(Beginning of SOURCE RECORDS)

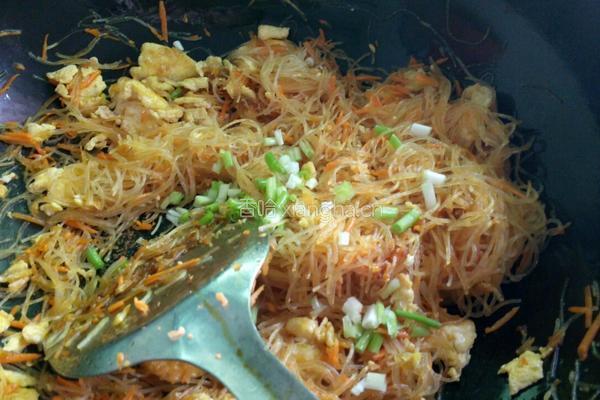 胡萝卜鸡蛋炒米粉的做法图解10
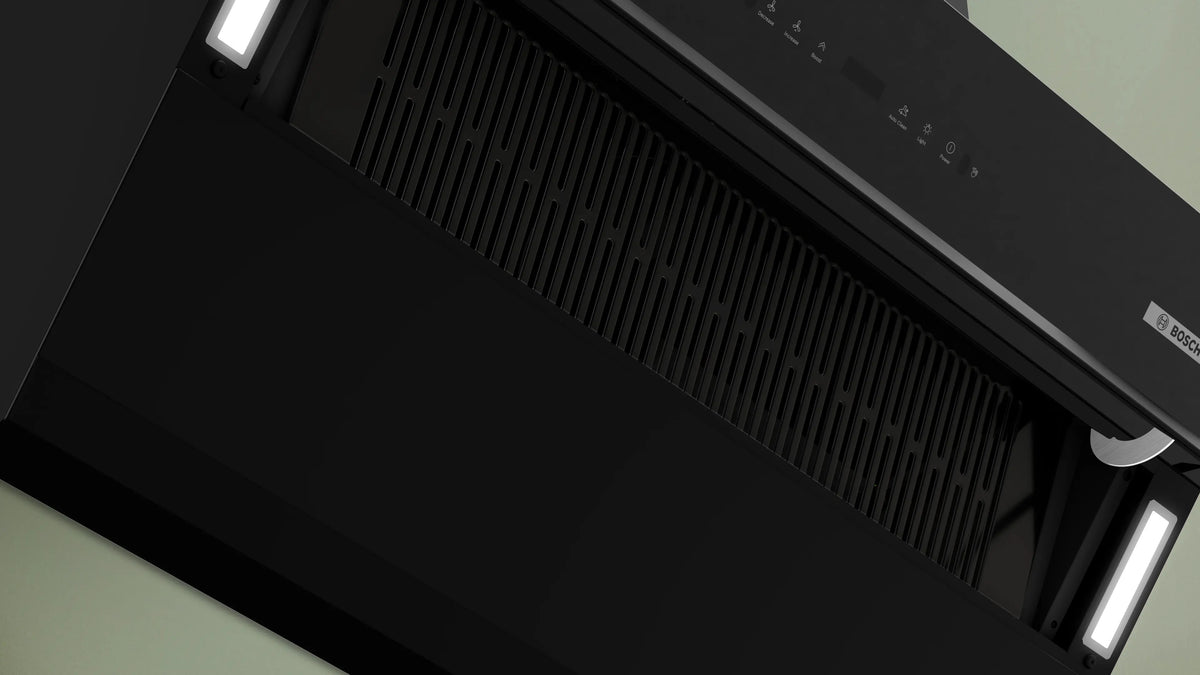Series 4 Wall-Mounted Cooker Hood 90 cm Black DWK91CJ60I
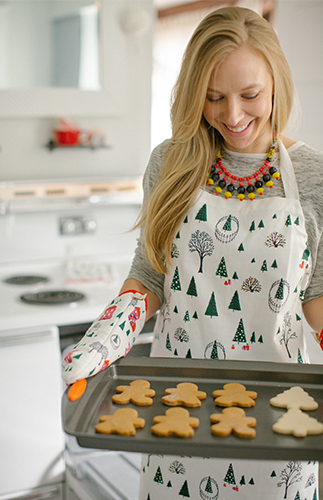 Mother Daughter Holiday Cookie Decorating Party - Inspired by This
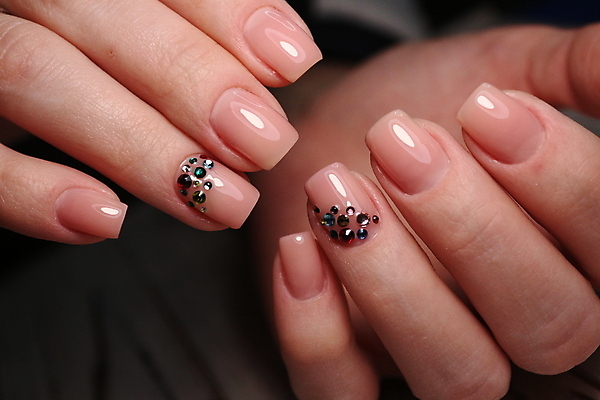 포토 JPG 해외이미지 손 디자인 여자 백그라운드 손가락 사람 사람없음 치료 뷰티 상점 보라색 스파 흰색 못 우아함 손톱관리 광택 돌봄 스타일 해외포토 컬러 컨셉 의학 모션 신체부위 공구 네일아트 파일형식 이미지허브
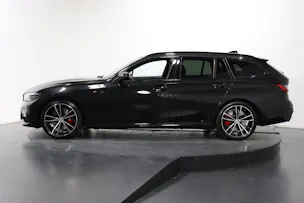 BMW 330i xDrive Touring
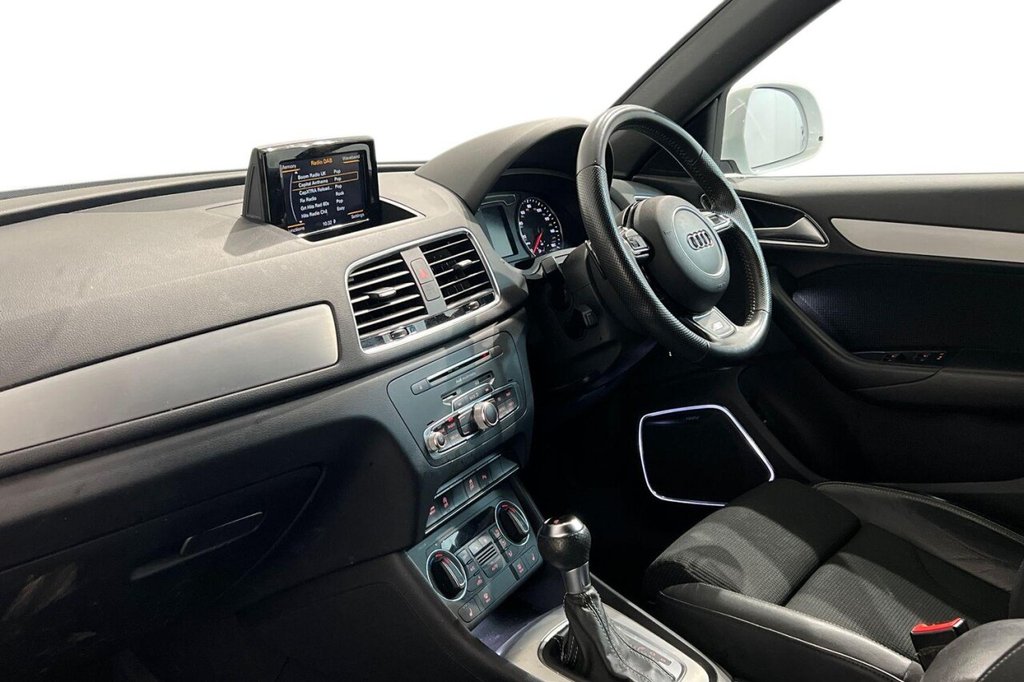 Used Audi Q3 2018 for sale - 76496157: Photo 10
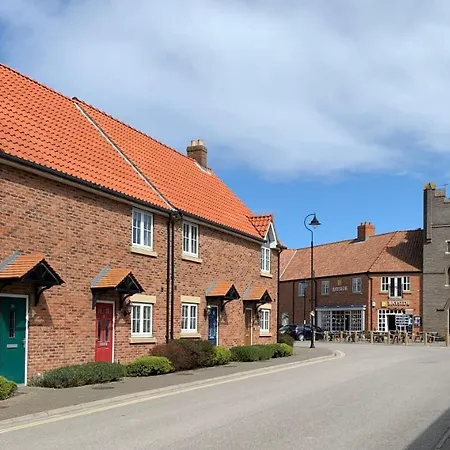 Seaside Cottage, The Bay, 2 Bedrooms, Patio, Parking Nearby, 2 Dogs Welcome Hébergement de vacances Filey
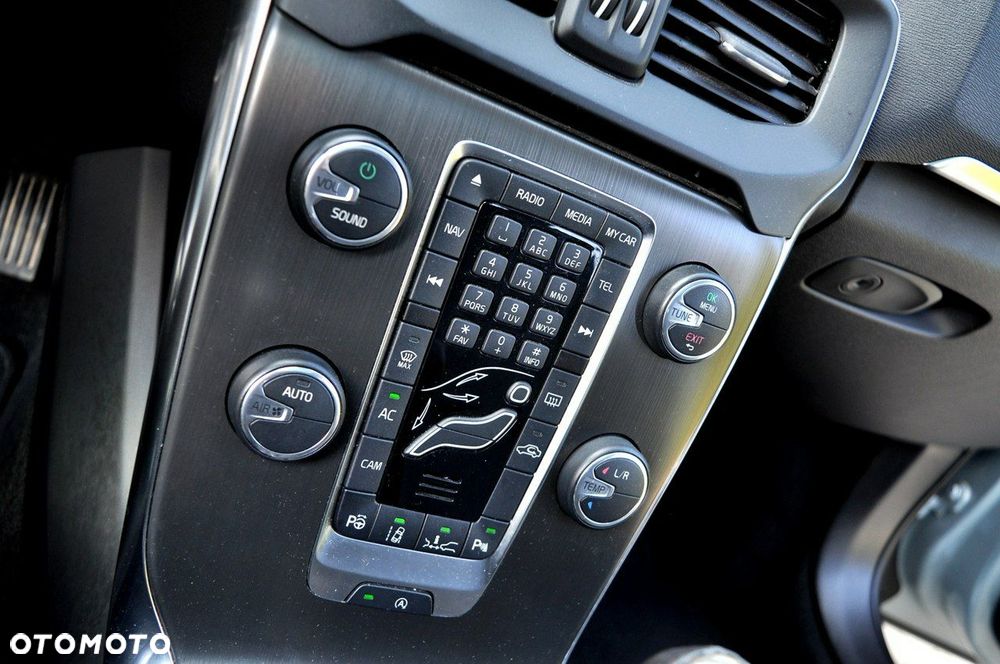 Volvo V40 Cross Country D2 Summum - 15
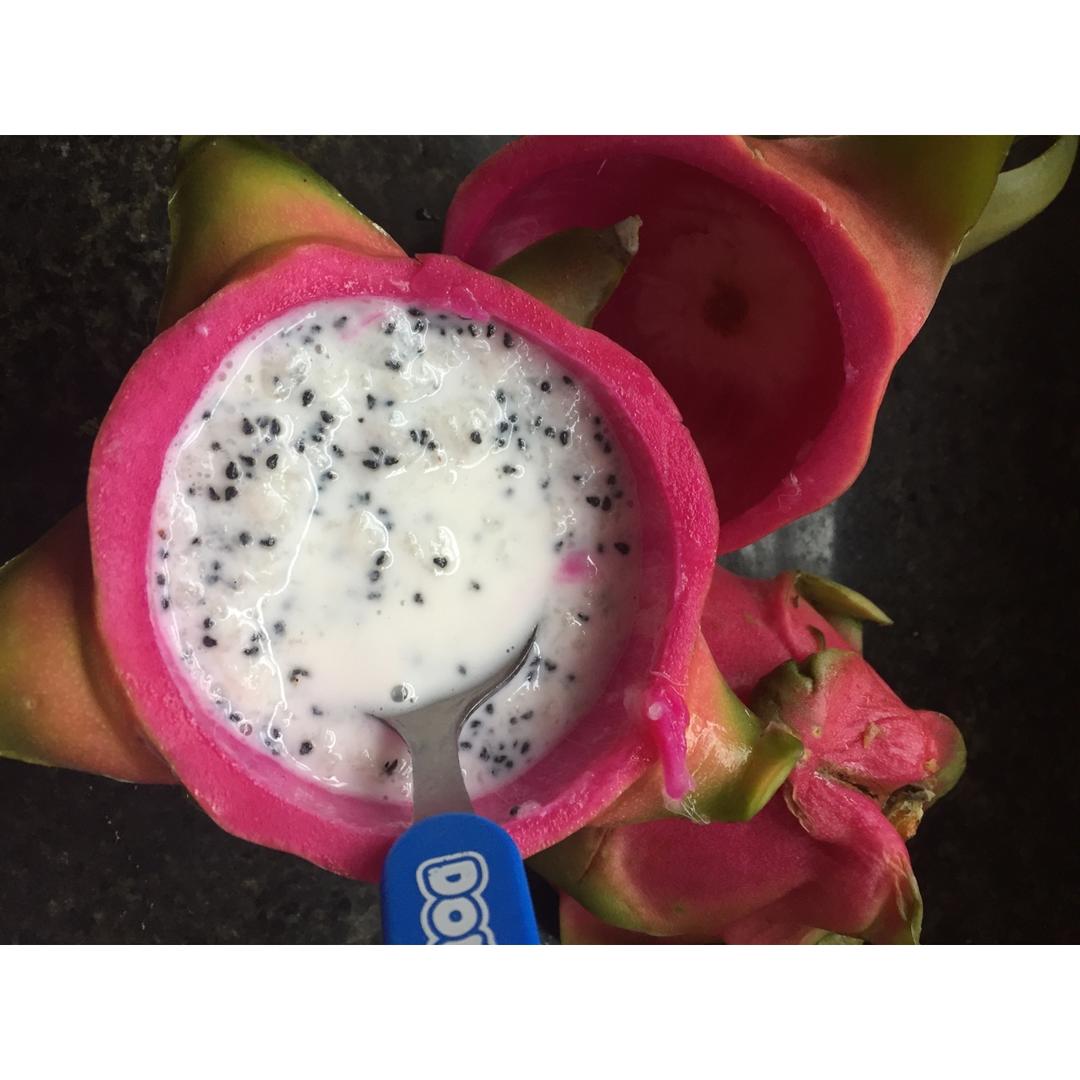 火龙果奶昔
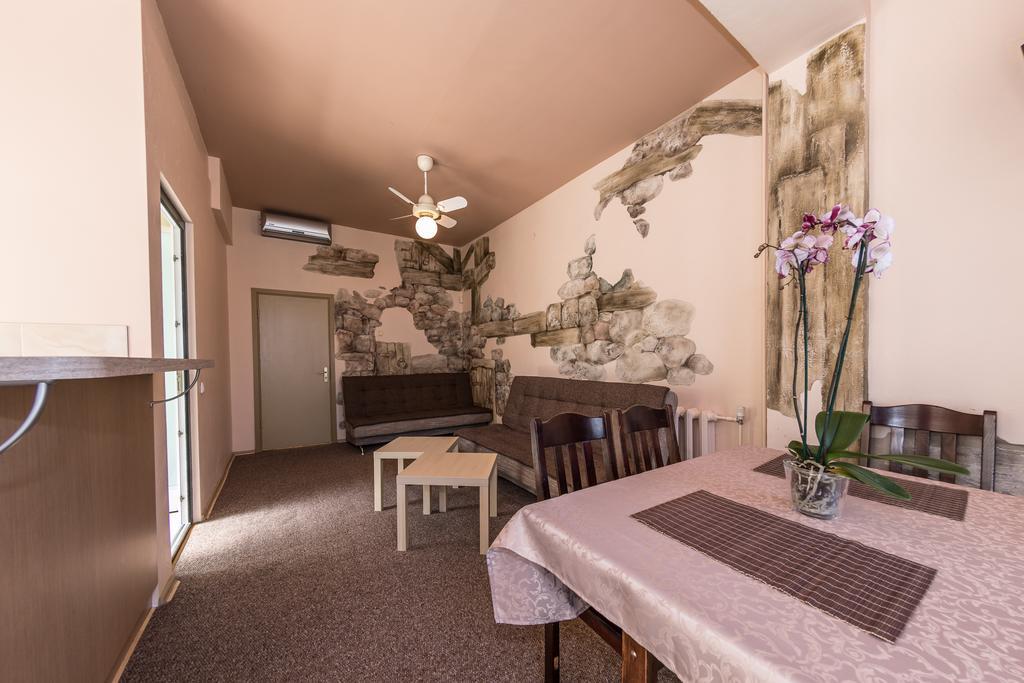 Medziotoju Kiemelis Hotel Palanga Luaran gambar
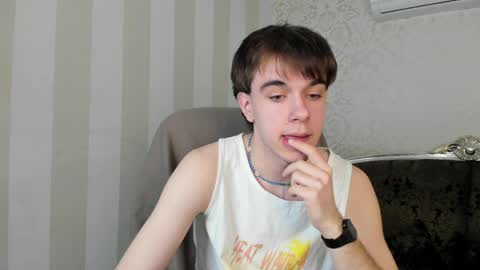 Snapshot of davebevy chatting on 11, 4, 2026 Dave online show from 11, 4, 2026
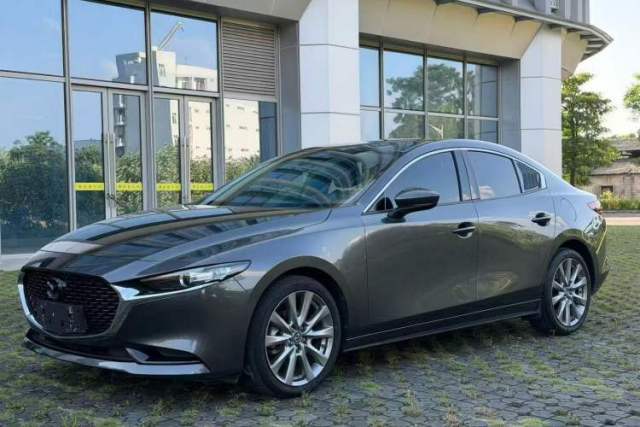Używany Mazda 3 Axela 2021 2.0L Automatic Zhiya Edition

(End of SOURCE RECORDS)

**PROBLEM STATEMENT:** Could the lines from the one with "Seaside Cottage, The" through the last line of the material above be written out exactly, both included, with pictures left out?

**EXPECTED ANSWER:**
 Seaside Cottage, The Bay, 2 Bedrooms, Patio, Parking Nearby, 2 Dogs Welcome Hébergement de vacances Filey
 Volvo V40 Cross Country D2 Summum - 15
 火龙果奶昔
 Medziotoju Kiemelis Hotel Palanga Luaran gambar
 Snapshot of davebevy chatting on 11, 4, 2026 Dave online show from 11, 4, 2026
Używany Mazda 3 Axela 2021 2.0L Automatic Zhiya Edition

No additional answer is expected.